**WORK TASK**. Each line of data below is to be returned exactly, leaving out any picture.

**Web page caption snippets**.
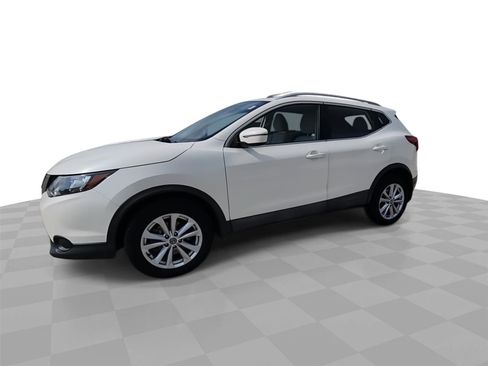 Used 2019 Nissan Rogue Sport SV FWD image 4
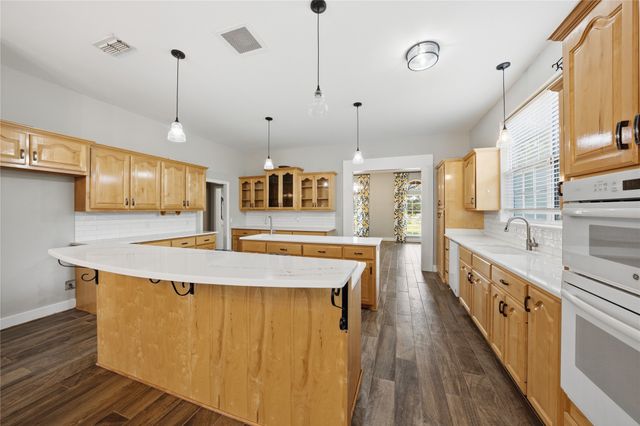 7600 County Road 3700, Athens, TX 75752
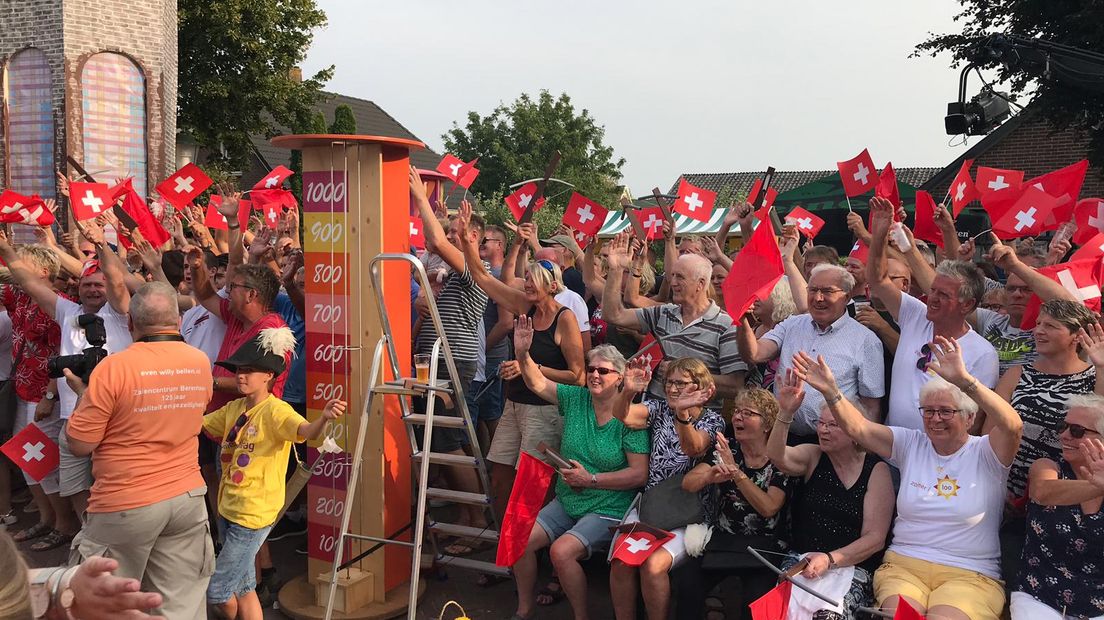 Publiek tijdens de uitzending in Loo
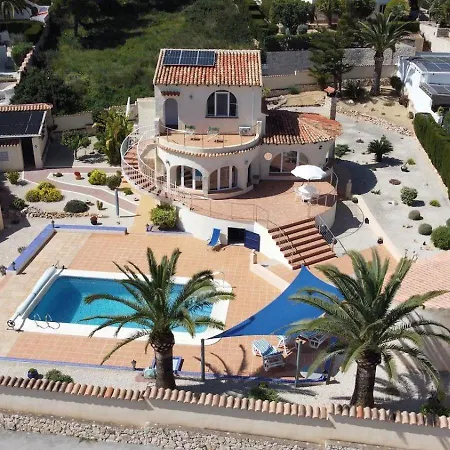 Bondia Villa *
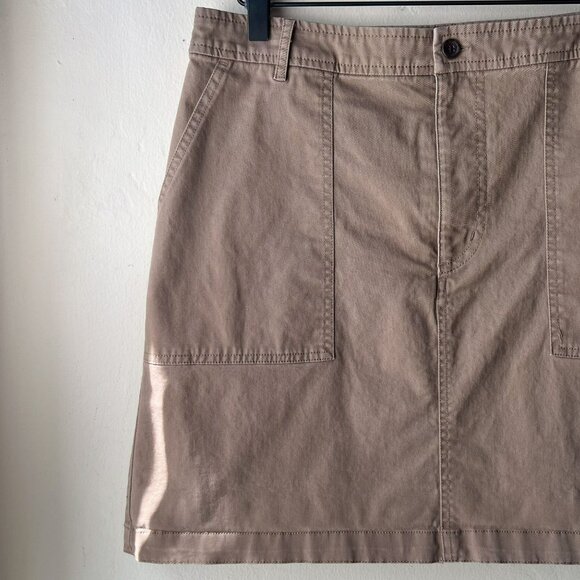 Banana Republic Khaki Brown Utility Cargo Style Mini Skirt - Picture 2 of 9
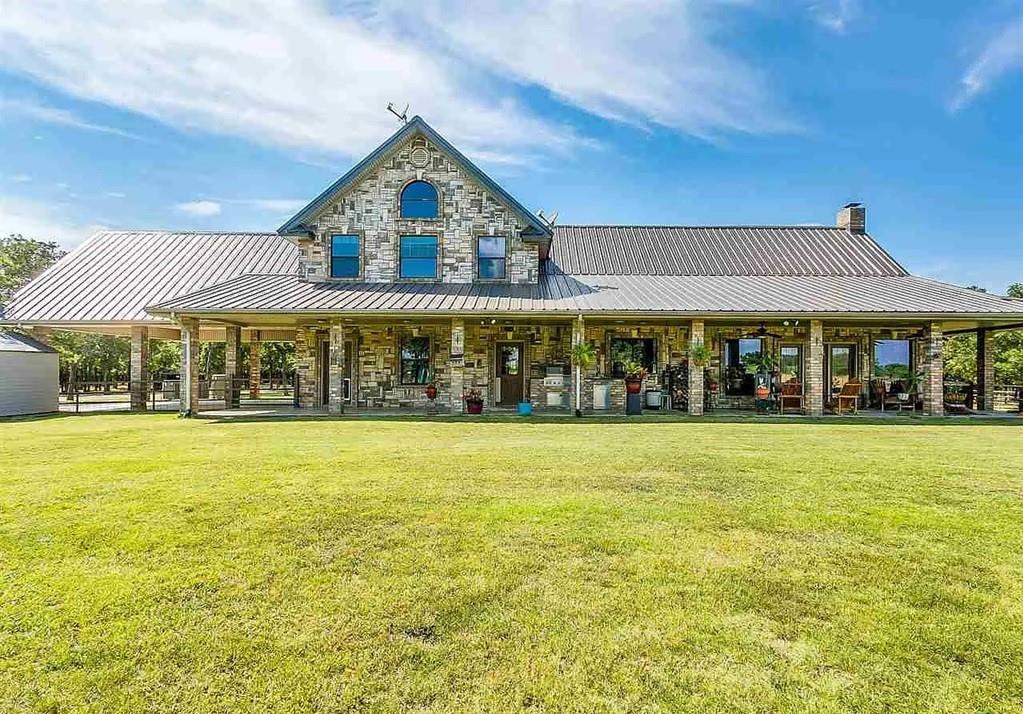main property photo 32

**SOLUTION TO THE EXERCISE**.
 Used 2019 Nissan Rogue Sport SV FWD image 4
 7600 County Road 3700, Athens, TX 75752
 Publiek tijdens de uitzending in Loo
 Bondia Villa *
 Banana Republic Khaki Brown Utility Cargo Style Mini Skirt - Picture 2 of 9
main property photo 32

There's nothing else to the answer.